[LISTED ENTRIES]

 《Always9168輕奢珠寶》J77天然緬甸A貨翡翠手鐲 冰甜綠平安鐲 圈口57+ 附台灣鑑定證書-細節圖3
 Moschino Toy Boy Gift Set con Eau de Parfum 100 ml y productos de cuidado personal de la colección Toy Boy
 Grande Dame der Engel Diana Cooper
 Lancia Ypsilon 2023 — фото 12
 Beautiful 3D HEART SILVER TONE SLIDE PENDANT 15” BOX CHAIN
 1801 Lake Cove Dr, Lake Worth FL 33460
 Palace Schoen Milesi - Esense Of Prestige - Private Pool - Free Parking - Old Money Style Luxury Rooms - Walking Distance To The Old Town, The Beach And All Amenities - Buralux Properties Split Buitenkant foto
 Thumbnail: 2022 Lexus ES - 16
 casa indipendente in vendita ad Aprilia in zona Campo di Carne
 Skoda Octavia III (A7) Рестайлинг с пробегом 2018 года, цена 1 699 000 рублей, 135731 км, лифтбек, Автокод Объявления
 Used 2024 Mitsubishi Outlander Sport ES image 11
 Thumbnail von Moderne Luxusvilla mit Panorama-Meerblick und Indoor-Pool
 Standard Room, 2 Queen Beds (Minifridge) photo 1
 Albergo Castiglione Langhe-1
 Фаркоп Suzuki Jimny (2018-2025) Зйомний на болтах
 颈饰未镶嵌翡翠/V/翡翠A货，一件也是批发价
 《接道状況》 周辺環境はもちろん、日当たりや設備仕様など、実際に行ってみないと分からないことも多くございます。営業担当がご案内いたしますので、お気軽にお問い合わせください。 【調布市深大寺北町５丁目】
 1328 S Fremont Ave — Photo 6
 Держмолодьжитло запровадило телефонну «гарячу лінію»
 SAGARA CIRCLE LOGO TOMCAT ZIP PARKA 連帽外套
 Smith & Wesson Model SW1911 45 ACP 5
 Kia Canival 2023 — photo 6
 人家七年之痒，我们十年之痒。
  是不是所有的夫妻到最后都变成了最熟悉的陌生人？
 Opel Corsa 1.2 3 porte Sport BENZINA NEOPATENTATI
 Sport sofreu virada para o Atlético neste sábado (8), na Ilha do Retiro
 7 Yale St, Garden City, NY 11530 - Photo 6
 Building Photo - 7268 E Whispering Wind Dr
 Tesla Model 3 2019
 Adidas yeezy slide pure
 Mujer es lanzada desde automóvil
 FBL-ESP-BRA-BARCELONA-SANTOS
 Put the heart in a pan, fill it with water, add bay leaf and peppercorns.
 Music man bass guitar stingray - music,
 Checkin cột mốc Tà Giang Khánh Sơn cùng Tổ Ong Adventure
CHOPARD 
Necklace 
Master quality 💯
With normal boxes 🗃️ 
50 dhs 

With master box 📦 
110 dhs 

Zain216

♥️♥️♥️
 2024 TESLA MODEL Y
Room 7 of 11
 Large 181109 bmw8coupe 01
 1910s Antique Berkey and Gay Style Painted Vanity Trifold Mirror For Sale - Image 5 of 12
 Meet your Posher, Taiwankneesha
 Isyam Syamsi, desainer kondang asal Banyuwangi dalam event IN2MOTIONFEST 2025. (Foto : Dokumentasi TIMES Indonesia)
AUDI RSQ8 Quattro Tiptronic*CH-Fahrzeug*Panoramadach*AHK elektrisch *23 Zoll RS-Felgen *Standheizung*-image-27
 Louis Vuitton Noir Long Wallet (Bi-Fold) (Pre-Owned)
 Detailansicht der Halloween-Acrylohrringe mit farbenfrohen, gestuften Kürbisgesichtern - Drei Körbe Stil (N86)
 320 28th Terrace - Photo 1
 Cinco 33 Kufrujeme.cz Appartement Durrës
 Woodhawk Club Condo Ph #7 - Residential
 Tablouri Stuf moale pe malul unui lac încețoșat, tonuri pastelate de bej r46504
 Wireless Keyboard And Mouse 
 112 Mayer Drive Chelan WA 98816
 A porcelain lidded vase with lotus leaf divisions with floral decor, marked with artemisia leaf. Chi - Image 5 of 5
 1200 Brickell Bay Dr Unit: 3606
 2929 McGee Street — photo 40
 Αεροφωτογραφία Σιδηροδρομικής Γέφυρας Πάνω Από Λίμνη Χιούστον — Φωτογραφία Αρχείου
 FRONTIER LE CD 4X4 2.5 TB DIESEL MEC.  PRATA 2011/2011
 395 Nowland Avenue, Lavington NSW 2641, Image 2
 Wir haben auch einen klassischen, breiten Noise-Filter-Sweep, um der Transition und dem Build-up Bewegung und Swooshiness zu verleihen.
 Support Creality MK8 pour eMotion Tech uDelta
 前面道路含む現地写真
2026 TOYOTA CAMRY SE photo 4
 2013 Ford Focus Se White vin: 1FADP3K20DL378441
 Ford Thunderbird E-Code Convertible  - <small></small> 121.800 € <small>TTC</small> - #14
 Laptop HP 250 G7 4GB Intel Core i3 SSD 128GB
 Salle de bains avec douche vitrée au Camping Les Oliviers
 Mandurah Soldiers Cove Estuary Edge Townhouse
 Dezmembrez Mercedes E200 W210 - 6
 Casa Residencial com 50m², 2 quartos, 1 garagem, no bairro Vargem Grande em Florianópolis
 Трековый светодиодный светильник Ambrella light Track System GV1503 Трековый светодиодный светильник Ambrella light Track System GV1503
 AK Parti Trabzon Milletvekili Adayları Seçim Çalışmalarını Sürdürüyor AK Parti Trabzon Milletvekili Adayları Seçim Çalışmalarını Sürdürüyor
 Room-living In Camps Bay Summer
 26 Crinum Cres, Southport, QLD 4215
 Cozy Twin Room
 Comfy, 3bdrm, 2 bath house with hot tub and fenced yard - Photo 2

[/LISTED ENTRIES]

ABOUT THIS TASK → Write out every line of the data that holds the word "leaf".

ANSWER BELOW →
 Put the heart in a pan, fill it with water, add bay leaf and peppercorns.
 A porcelain lidded vase with lotus leaf divisions with floral decor, marked with artemisia leaf. Chi - Image 5 of 5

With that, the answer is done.